There’s not a lot of difference on the pricing front with the Spider and MX-5, but there’s definitely enough to influence your buying decision. At £19,545 the Spider is about £1,000 more than the MX-5, but you do get a plusher interior for that price. Running cost wise, the Spider’s turbo claims an average return of 44mpg and CO2 emissions stand at 148g/km. So, it’s slightly pricier to buy and to run than the MX-5.

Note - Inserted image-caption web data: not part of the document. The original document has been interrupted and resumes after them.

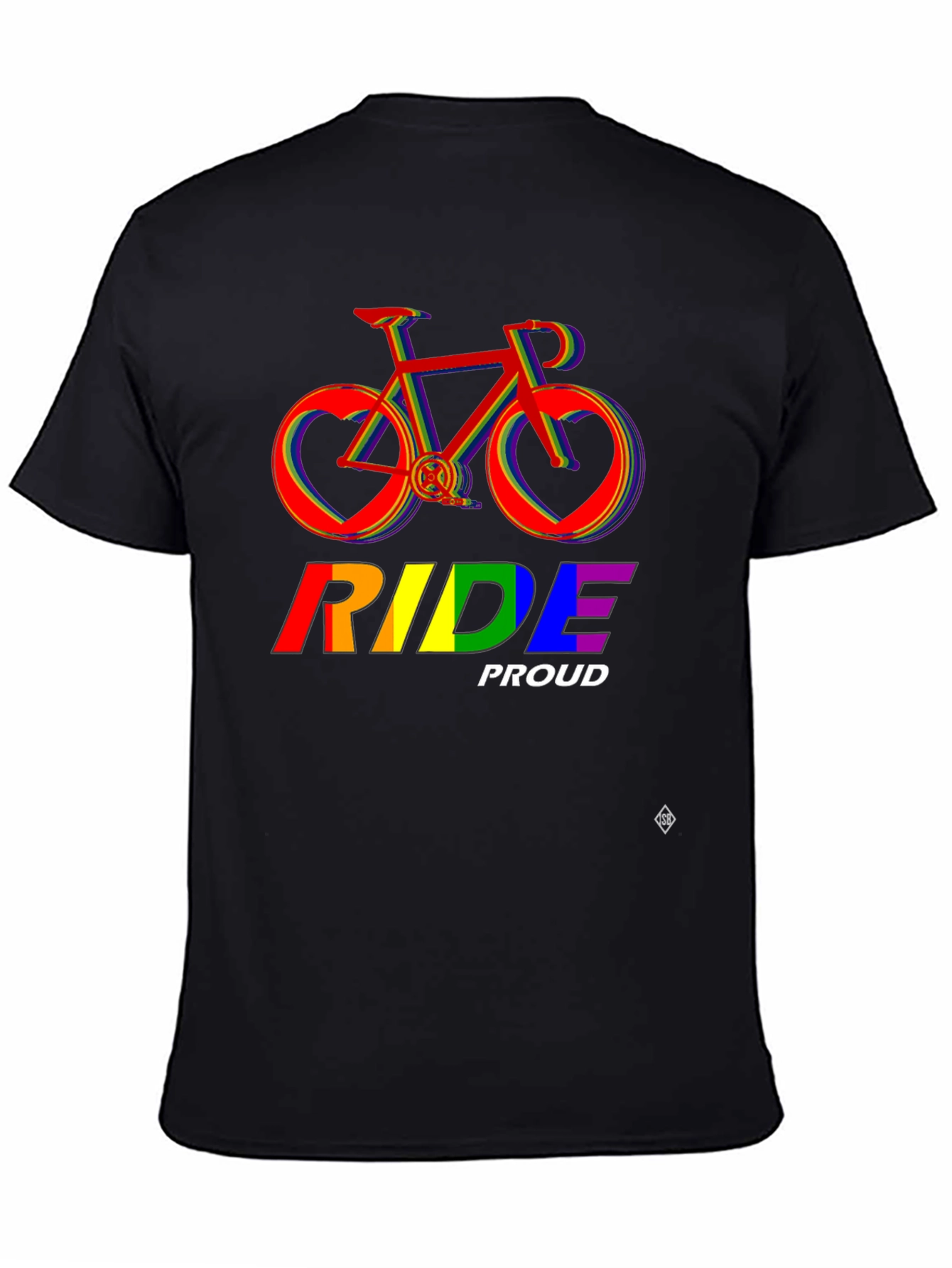 Ride Proud Rainbow Bicycle T-Shirt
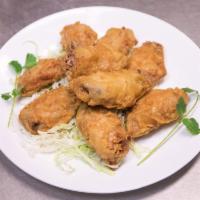 5. Salt and Pepper Chicken Wings · Spicy with onions, 12 pieces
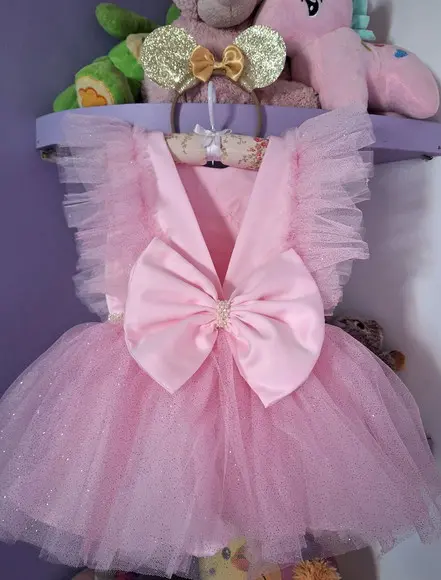 Vestido Ursa Princesa Vestido Infantil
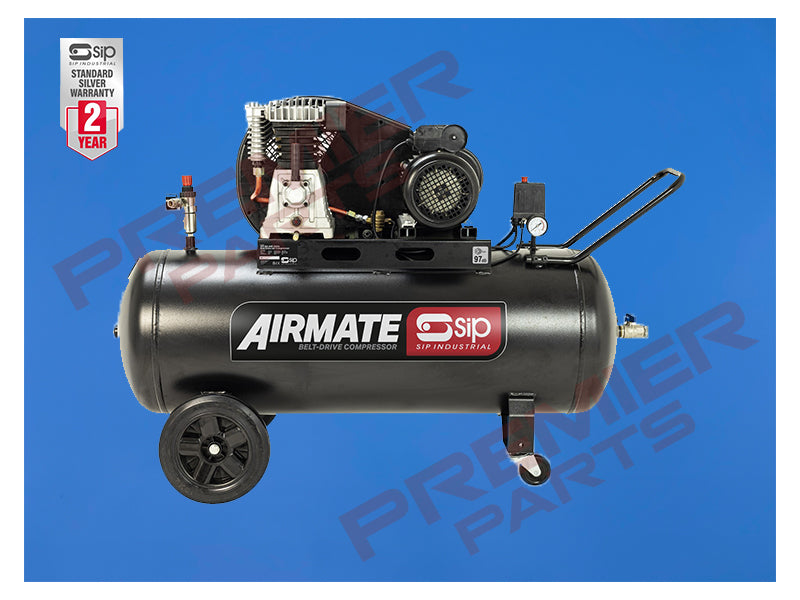 SIP BD 3HP 150ltr Belt Drive Compressor 06476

Fiat has certainly created something that deserves its own time in the limelight, out of the MX-5’s shadow. Although sharing a lot of character traits, both models definitely have their own distinct personalities. It does feel like a grown-up, well-engineered roadster, although we can’t help but feel it lacks a smidge of finesse when compared to the MX-5. But coming within a whisker of the MX-5 is a real achievement that Fiat should be proud of. The key divider between the two may very well come down to which camp you belong to – the turbo or the naturally-aspirated.